Jurisprudence

Droit de la concurrence : l'essentiel du second semestre 2020

Sélection des décisions pertinentes et des évolutions des textes applicables.

 

Réservé aux abonnés
Image d'illustration de l'article
PHOTO - 23968_1424966_k2_k1_3290937.jpg
Marchés publics

Ententes et abus

La condamnation des barèmes de prix dans les marchés publics de maîtrise d'œuvre confirmée. La cour d'appel de Paris a largement confirmé la décision de l'Autorité de la concurrence (ADLC), qui avait relevé des pratiques d'entente sur les prix dans le secteur des prestations d'architecte et condamné l'Ordre des architectes (30 septembre 2019, n° 19-D-19). Elle a simplement statué à nouveau sur la motivation, jugée insuffisante, de la sanction de l'Ordre tout en confirmant son montant (1,5 M€). Cet arrêt fait à présent l'objet d'un pourvoi en cassation.

.

(www.lemoniteur.fr/pratiques-anticoncurrentielles/).
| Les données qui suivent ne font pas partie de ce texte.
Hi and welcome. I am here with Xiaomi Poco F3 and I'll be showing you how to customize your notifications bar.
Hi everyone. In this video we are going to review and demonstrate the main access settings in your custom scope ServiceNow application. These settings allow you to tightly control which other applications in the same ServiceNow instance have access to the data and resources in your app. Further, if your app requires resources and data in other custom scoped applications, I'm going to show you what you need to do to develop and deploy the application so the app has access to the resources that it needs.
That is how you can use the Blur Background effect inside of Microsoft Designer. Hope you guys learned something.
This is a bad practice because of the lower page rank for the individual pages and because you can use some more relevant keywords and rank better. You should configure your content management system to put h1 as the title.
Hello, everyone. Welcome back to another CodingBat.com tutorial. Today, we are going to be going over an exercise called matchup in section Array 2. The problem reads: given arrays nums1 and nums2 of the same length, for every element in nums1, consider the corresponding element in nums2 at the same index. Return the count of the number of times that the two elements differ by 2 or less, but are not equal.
Participation de sociétés d'un même groupe à un marché public : la fin de l'exception française. Depuis de nombreuses années, en France, deux sociétés d'un même groupe qui participaient en parallèle à un appel d'offres encouraient une condamnation pour entente (alors même qu'une entente suppose deux volontés autonomes) si elles présentaient des offres « en apparence » autonomes après avoir échangé des informations ou avoir élaboré en commun les offres en question.

Cette bizarrerie hexagonale, justifiée par l'idée qu'en déposant des offres séparées les deux sociétés renoncent à se prévaloir de leur absence d'autonomie, l'une par rapport à l'autre, a été appliquée dans de nombreuses affaires dans le domaine de la construction. Au sein de grands groupes, cette règle obligeait à se concerter en amont sur la ou les sociétés qui déposeraient une offre unique ou à créer des conditions d'étanchéité complète entre celles susceptibles de présenter des offres parallèles.
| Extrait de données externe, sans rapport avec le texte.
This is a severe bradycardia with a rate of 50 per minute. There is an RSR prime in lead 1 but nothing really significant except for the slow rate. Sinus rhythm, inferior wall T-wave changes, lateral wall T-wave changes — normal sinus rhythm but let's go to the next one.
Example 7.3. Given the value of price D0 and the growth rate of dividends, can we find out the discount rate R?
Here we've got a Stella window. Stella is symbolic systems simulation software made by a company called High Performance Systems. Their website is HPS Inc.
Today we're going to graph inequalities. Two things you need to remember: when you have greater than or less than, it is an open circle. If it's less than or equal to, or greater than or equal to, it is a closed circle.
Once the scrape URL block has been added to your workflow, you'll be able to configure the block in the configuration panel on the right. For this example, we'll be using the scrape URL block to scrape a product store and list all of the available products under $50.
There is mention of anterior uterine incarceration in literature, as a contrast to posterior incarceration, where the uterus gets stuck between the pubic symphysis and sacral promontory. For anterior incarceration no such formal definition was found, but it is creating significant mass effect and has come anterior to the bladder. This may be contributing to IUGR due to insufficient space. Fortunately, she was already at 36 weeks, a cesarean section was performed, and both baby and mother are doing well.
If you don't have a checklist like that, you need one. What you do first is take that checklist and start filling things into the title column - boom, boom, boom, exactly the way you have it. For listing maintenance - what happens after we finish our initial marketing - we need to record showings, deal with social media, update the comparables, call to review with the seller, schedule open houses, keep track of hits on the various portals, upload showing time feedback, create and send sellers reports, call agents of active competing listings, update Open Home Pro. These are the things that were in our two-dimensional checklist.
La position était devenue difficilement tenable depuis que la Cour de justice de l'Union européenne (CJUE) avait souligné que le dépôt d'offres parallèles par des sociétés formant une unité économique unique ne relève pas de l'article 101 du Traité sur le fonctionnement de l'Union européenne relatif aux ententes ().

Pour abandonner cette pratique décisionnelle, l'ADLC a saisi l'opportunité d'une affaire concernant des offres coordonnées déposées par trois sociétés d'un même groupe qui candidataient régulièrement en parallèle à des marchés publics, et rendu une décision de non-lieu. Elle a néanmoins indiqué dans un communiqué que ces pratiques restent soumises au droit des marchés publics, en particulier dans la mesure où elles peuvent « induire en erreur l'acheteur public et fausser les résultats du processus de commande publique ».
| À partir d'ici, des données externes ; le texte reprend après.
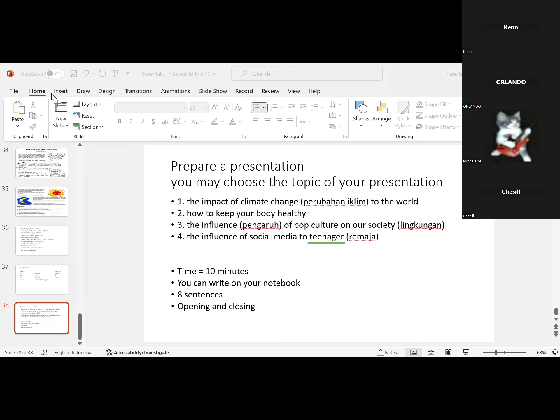Okay, very good, Cecil. Go ahead, Orlando. Good afternoon, miss and friends. Today I want to present about how to keep our body healthy. Okay, let's start and enjoy.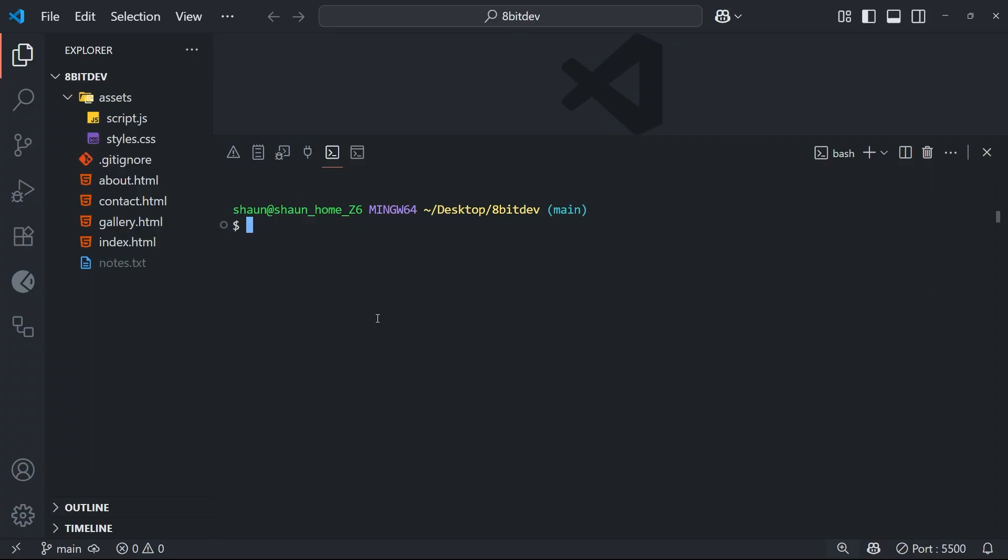So as we know, we start on the main branch or the master branch if you didn't change that default name during the installation of git. And we can see that by either running git status or git branch, which is what I'm going to run. Now using git branch, the branch we're currently on has a little asterisk next to it like this one. And for me, it's also green. So this is the only branch we have right now, the main one.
ADLC, décision n° 20-D-19 et communiqué du 25 novembre 2020 (lire aussi « Le Moniteur » du 8 janvier 2021, p. 34 à 36, NDLR).

Offres concertées sur la base d'un partage de moyens entre entreprises. De nouvelles transactions ont été conclues par la DGCCRF pour mettre fin à des pratiques d'échanges d'informations dans le cadre d'appels d'offres de travaux de voirie et de signalisation à Saint-Martin. Les deux entreprises incriminées avaient déposé des offres techniques identiques et leurs prix étaient pour l'essentiel les mêmes. Elles ont reconnu avoir élaboré leurs offres conjointement, compte tenu de leurs liens (partage de locaux et du système informatique, salarié commun). La DGCCRF a rappelé qu'il s'agissait néanmoins d'échanges d'informations interdits. L'existence de procédures collectives en cours pour les deux sociétés a été prise en compte dans les montants de transaction fixés, très peu élevés (9 760 € et 5 280 €).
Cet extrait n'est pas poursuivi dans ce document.